Todo el Perú se concentra en el monasterio de las Nazarenas a lo largo del mes morado. Se cuentan por miles los que visitan la imagen del Señor de los Milagros para agradecer, pedir un favor e implorar el perdón de Dios. El rostro del Perú se percibe claramente cuando visitas este templo, y es el rostro de un país cuyas raíces cristianas definen su identidad. Pensaba, mientras contemplaba ese rostro multiforme, en todas las sangres que constituyen la peruanidad y en cómo el catolicismo ha configurado el destino de este país. Y en tanto cristiana, nuestra patria fue fundada sobre el principio de la unidad, sobre la unión por encima de las divisiones. Es por eso que el radicalismo, en todas sus formas, es destructor de la Peruanidad.
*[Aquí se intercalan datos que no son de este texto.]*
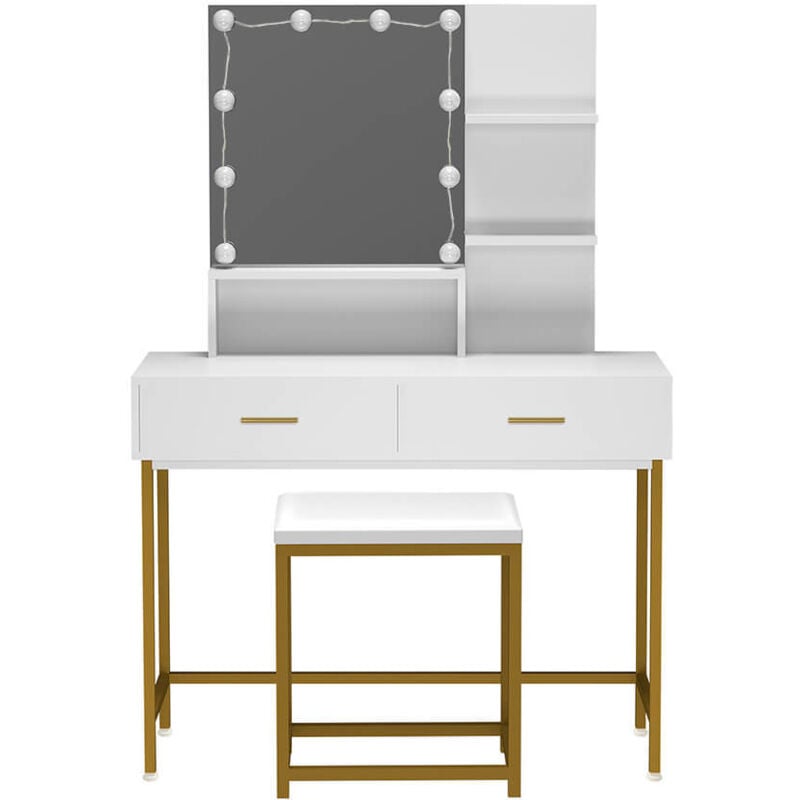 Home Deluxe - Schminktisch mit Spiegel und LED-Beleuchtung kasia Schminktisch Frisiertisch Spiegel Kosmetiktisch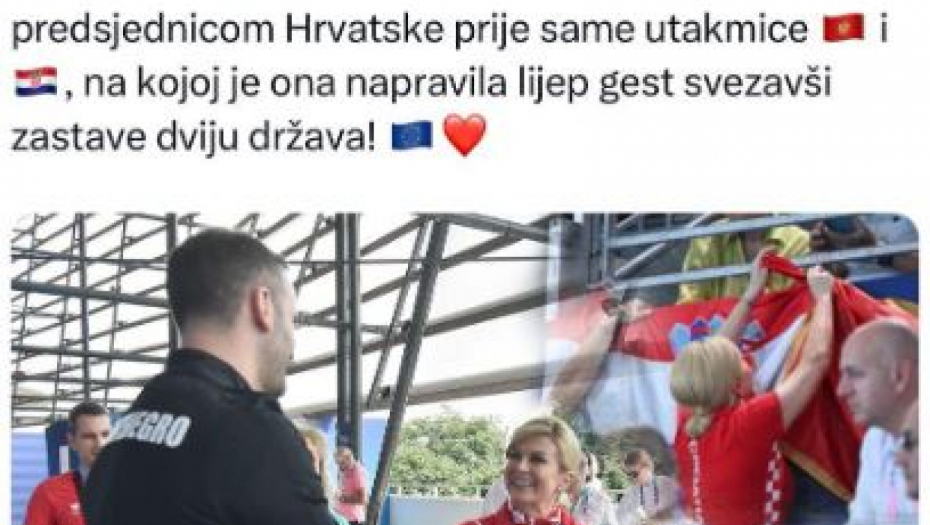MILOJKU SRCE PUNO Kolinda vezala zastave Hrvatske i Crne Gore u Parizu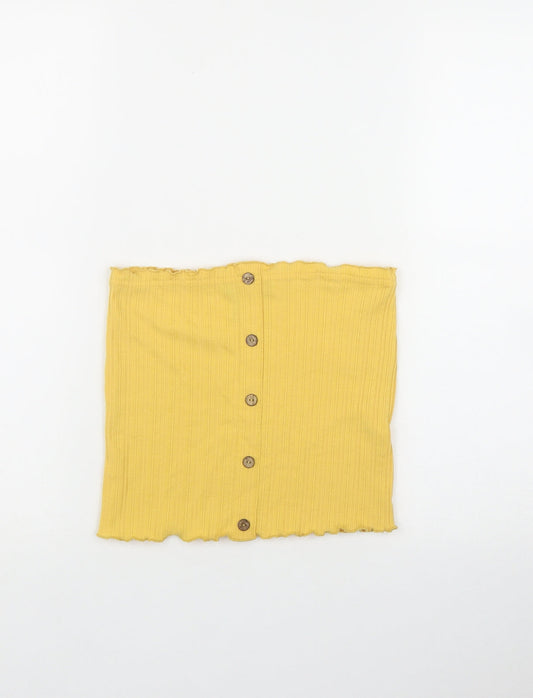 Womens UK Size 12 New Look Yellow Basic T-Shirt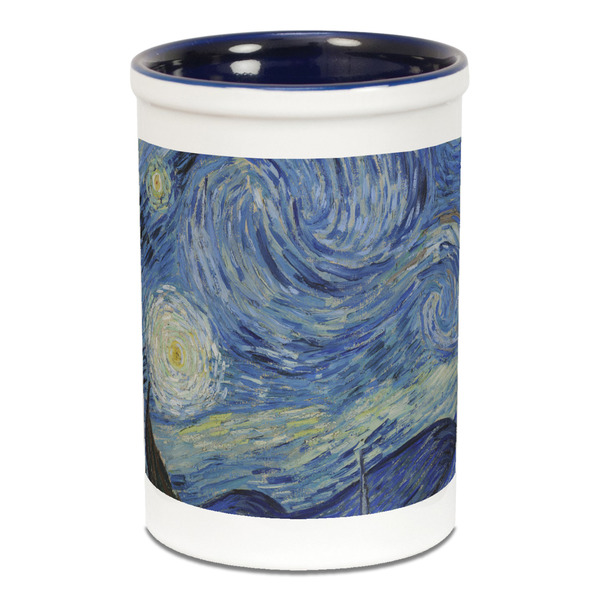 Custom The Starry Night (Van Gogh 1889) Ceramic Pencil Holders - Blue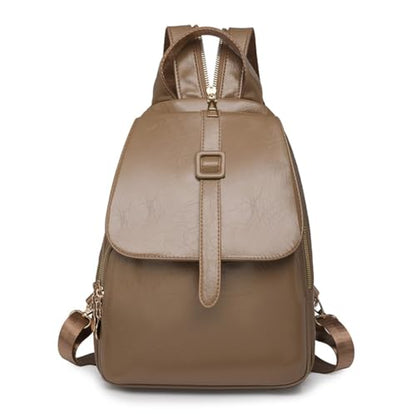 YANAER Mini Backpack for Women PU Leather Anti-theft Small Fashion Cute LightWeight Daypack for Work Travel Daily Brown - color: Brown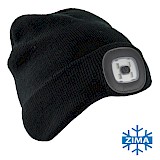 7091 BLACK Z LATARKĄ CZAPKA OCIEPLANA - zdjęcie 2
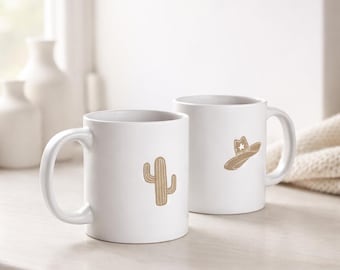 Cowboy & Cactus Mug Set, Western Gift for Her, Desert 11oz Coffee Cup, Cute Minimalist Cowboy Hat Mug, Housewarming Gift, For Country Lovers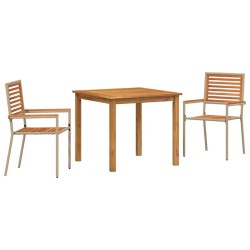 Ensemble de repas de jardin 3 pcs Beige 85 x 85 x 74 cm 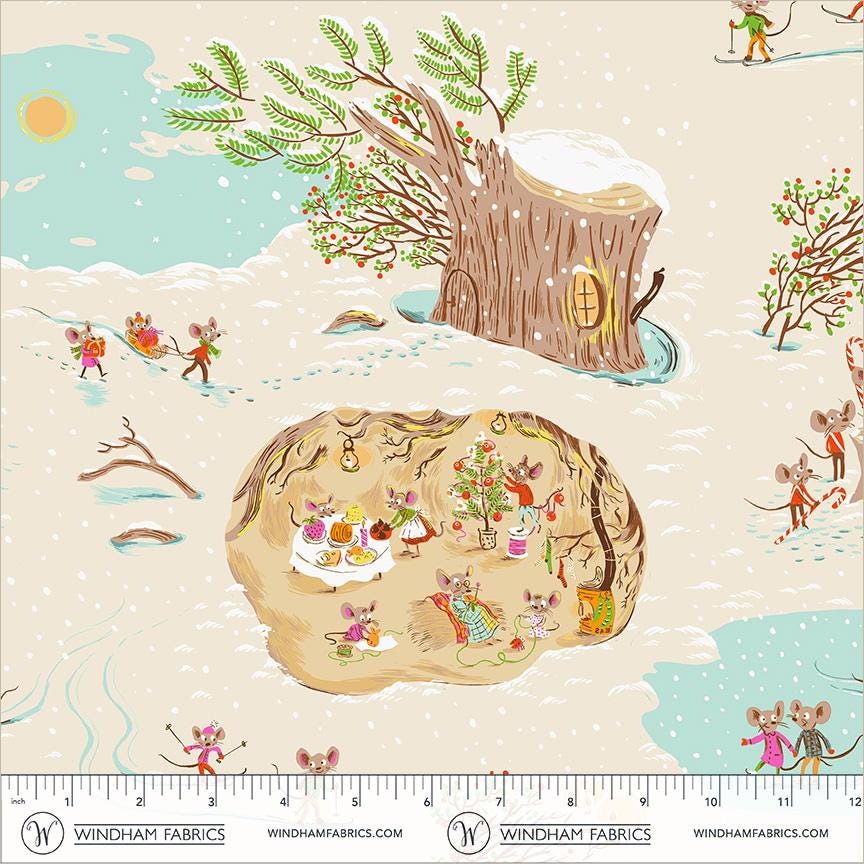 Christmas Mice | Heather Ross Favorites | Windham Fabrics Cotton | Christmas Mouse Fabric | Holiday Storybook Quilt Fabric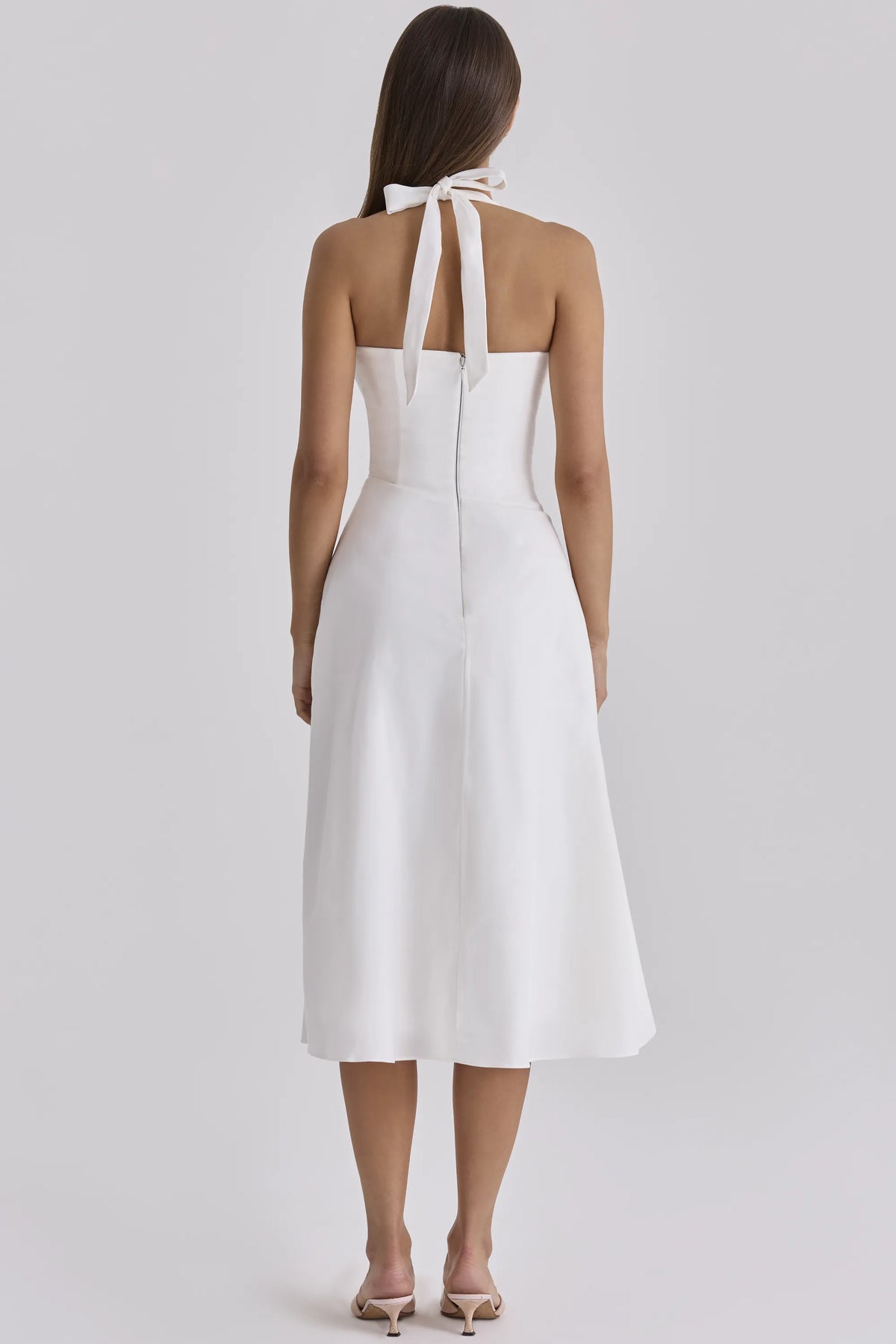 Tallulah White Halter Neck Cotton Midi Dress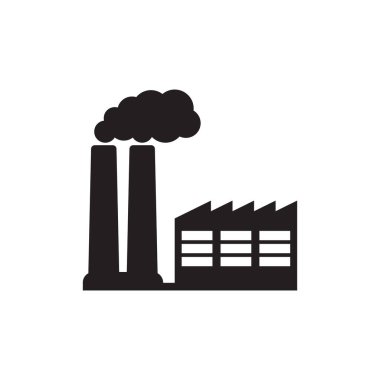 Fabrika ikonu. Sektör simgesinin vektör illüstrasyonu.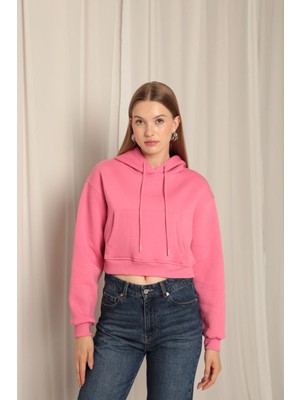 Velora Moda Üç Iplik Kumaş Kapüşonlu Kısa Kadın Pembe Sweat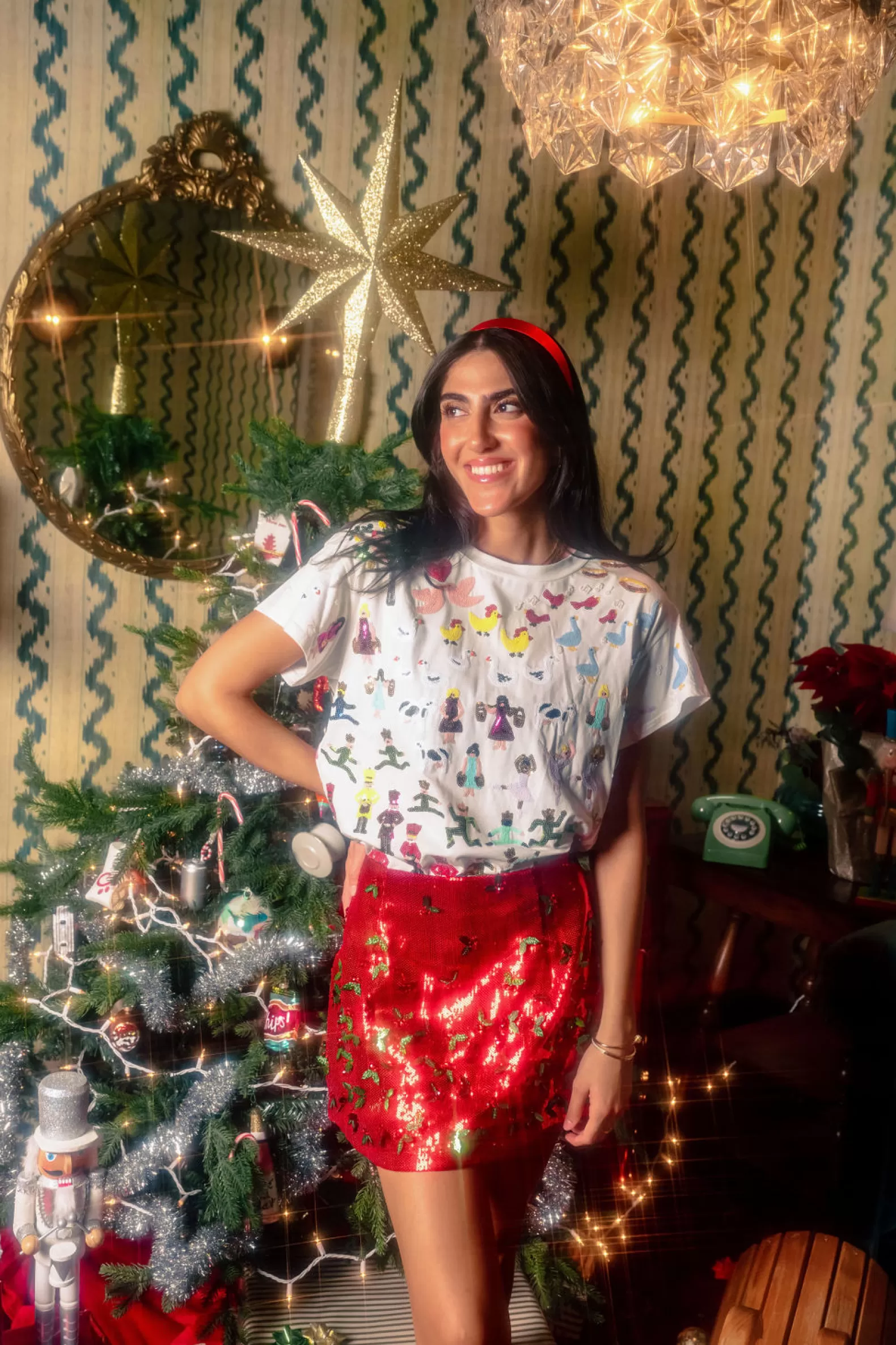 Queen of Sparkles Skirts<& Green Holly Sequin Skort Red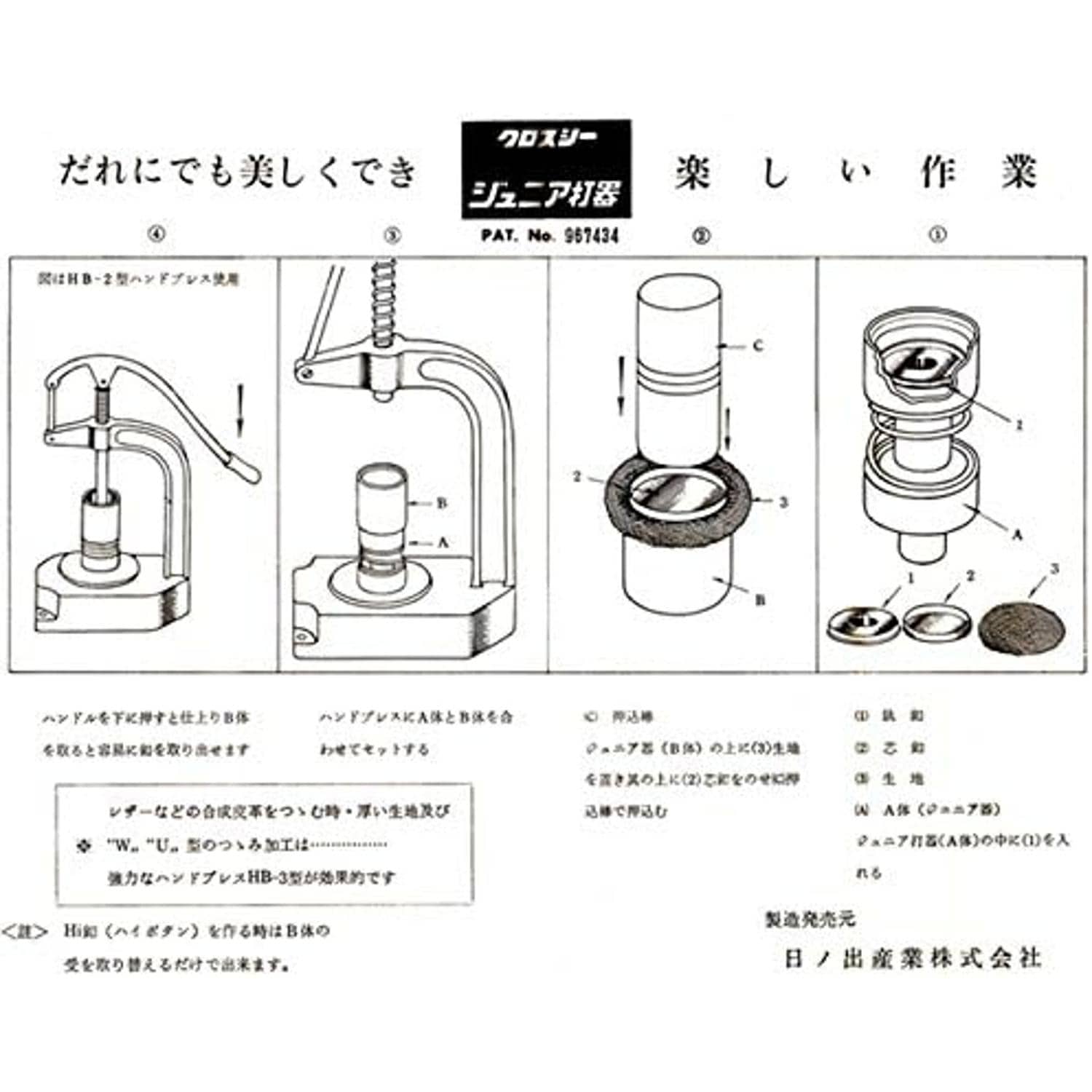 日本紐釦貿易 ClOTH-C クロスシー ハンドプレス機用コマ20mmホームツツミボタン用 F3-595 (ご注文単位1セット)【直送品】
La conservación del alma peruana pasa por la superación de las divisiones, por la síntesis de tesis antagonistas. El radicalismo no busca la superación, aspira, más bien, a la destrucción de lo que es distinto. El daño del radicalismo es evidente en el ámbito de la política. Nociva es la decisión de perseguir al oponente, como dramática es la opción de no escuchar al que piensa distinto. La crispación general que caracteriza nuestra vida pública ha destrozado el diálogo y la convivencia pacífica. Por eso, restablecer la unidad, luchar por la unidad en el país y en la política se convierte en un objetivo imprescindible, en un acto de salvación nacional.
Pocas cosas nos unen tanto como el Señor de los Milagros, expresión del cristianismo en nuestra tierra. Meditar sobre la necesidad de la unidad debe materializarse en políticas de Estado que provean de educación, salud, empleo y seguridad de calidad a nuestro pueblo. Pero nada de eso lograremos si las facciones se mantienen en la tosca voluntad de dividir.